Friday, April 9, 1999
Town retains water study rights on O'Rourke
In the deed for O'Rourke Farm to the U.S. Fish and Wildlife Service which the delivered on April 1, the town retained the right to locate a potential municipal water supply on the land. An article is on the Warrant for the May 4 Town Meeting to expend up to $30,000 for engineering and consulting services associated with evaluating the property for the possible water supply.

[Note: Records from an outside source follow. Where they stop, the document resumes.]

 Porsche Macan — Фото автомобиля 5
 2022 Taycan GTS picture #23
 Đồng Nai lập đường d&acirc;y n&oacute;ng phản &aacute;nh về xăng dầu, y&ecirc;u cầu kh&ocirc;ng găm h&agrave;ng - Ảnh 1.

According to Greg Peterson, Carlisle Land Trust member and a key player in negotiating the sale, the town retained the water rights over 100 of the 129 acres on the property. Water rights include the right to drill a well and install the necessary pumping equipment to create a municipal water system. The town agreed to identify within three years where on the 100 acres the well would be drilled. If the town does not specifically identify the location of the well within three years, the town effectively loses the water rights, said Peterson.
Selectmen clarified that the actual well need not be drilled within three years but the location must be identified within the time deadline. The town would receive an easement to drill the well for any time in the future.

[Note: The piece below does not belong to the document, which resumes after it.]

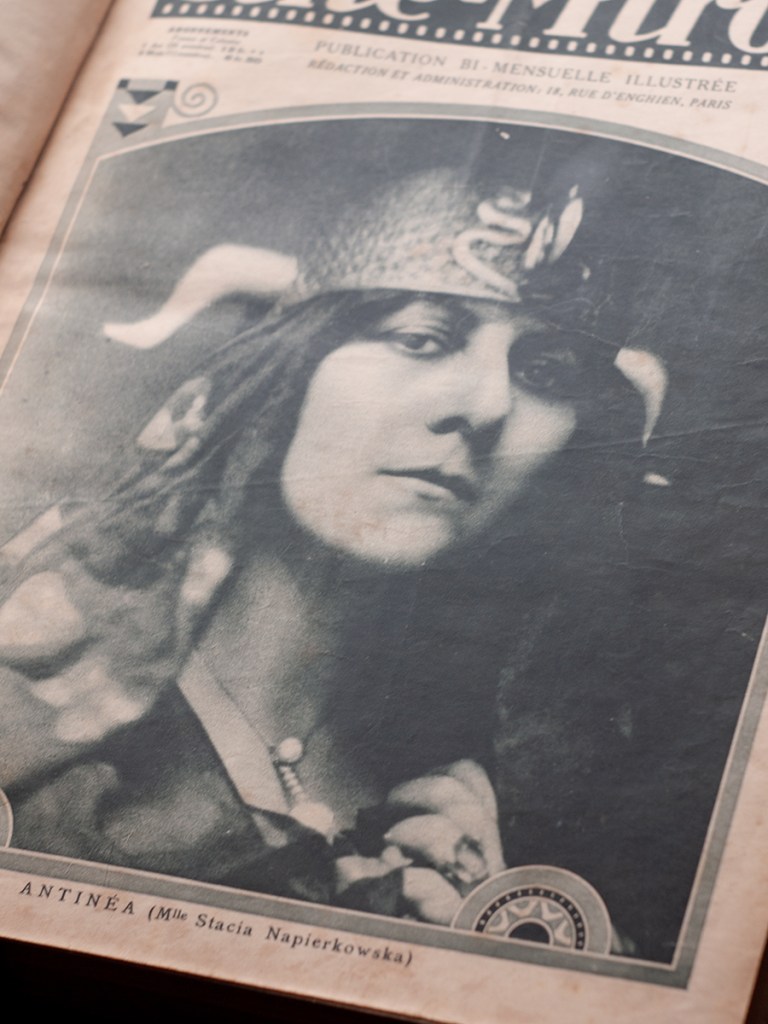 『シネミロワール』創刊号表紙のナピエルコフスカ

In order to locate the best spot for a well, geologic studies must be performed. The selectmen allocated $30,000 for this purpose to be approved at Town Meeting. If the study finds that the well can be located on what the parties have agreed is the nondevelopable portion of the property, then the town will receive an additional $115,000. If the well must be located on the developable portion of the lot, the town will not receive any more money from Fish and Wildlife.
Peterson explained that the reason the town will not get any more money is not because the federal government is planning to develop part of the farm but is merely based on how the government valued the property. "For any property it buys, the government is required to pay full and fair market value. That means development value," said Peterson. Installation of a well on the developable part of the property decreases the value of the property to Fish and Wildlife and, therefore, decreases the amount it must pay to the town.
Moreover, developing the property is not compatible with the conservation purposes for which Fish and Wildlife acquired the farm, said Peterson. "They don't want to build houses," said Peterson. "They want to protect the land for the birds and the bees."